Hot Springs National Park
- National park
- Spring and autumn are most comfortable and scenic; summers are hot and humid, winters mild and quiet.
- LIT
- 1-2 days
About Hot Springs National Park
Hot Springs is the odd one out among America's national parks, small, urban, and built as much around bathing culture as wilderness. Set in the Ouachita Mountains of Arkansas, it protects 47 natural thermal springs whose hot water was channelled, over more than a century, into the grand bathhouses of Bathhouse Row.

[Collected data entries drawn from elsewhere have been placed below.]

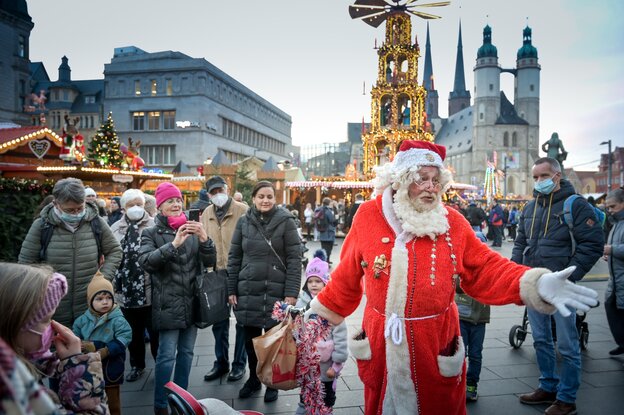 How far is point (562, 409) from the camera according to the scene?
3.66m

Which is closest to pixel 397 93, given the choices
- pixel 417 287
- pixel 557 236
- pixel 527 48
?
pixel 557 236

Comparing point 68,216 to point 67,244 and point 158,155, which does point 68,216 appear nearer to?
point 67,244

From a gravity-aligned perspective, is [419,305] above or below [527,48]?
below

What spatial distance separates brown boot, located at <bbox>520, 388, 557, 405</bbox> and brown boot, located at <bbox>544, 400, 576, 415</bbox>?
0.82ft

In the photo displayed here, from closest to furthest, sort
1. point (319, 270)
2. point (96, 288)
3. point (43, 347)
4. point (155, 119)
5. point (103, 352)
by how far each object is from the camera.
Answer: point (43, 347) < point (103, 352) < point (96, 288) < point (319, 270) < point (155, 119)

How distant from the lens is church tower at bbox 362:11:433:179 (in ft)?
75.5

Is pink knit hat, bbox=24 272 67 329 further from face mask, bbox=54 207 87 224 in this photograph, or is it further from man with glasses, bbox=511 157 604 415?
man with glasses, bbox=511 157 604 415

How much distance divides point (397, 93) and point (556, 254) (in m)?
20.5

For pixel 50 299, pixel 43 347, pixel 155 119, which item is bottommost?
pixel 43 347

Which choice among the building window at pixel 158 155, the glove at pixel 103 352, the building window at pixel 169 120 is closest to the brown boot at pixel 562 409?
the glove at pixel 103 352

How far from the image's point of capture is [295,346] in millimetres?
3480

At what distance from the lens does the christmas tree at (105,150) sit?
16.0 meters

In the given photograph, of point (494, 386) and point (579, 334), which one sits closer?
point (494, 386)

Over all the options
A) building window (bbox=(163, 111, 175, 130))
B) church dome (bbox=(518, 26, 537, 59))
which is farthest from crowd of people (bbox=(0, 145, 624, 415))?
church dome (bbox=(518, 26, 537, 59)) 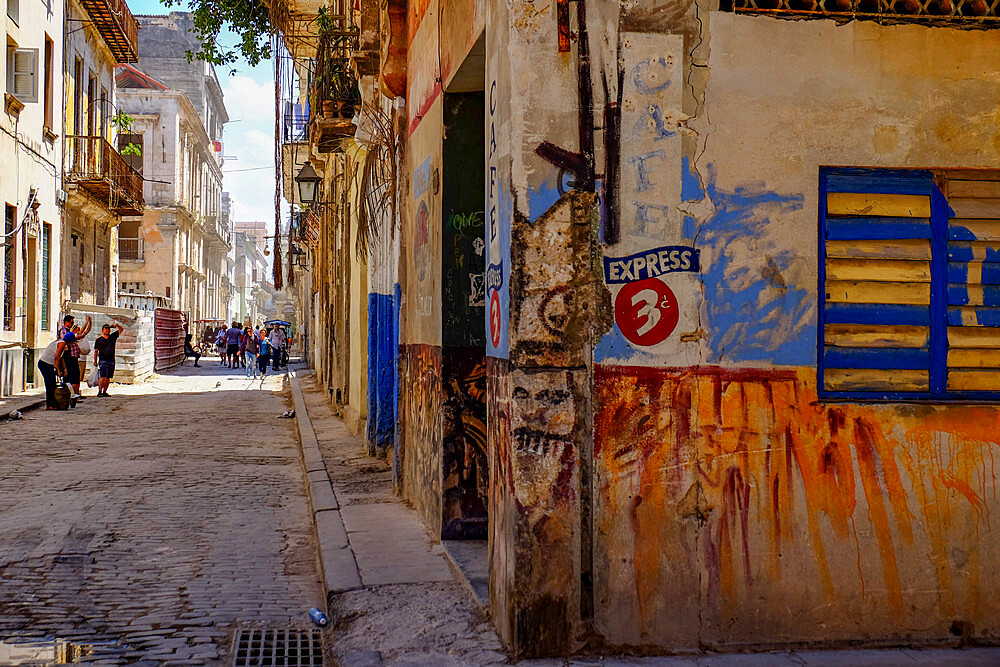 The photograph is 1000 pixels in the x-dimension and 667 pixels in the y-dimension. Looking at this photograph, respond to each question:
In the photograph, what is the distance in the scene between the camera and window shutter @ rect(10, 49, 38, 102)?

A spa town wrapped in a national park
The park and the town of Hot Springs are stitched together: elegant early-twentieth-century bathhouses line one side of the main street, wooded hillsides and walking trails rise behind, and steaming springs bubble up between them. This is the oldest area in the national park system to be federally protected, set aside in 1832, decades before Yellowstone. You can still take a traditional soak in a working bathhouse, fill a bottle at a public thermal fountain, or simply stroll the promenade under the trees.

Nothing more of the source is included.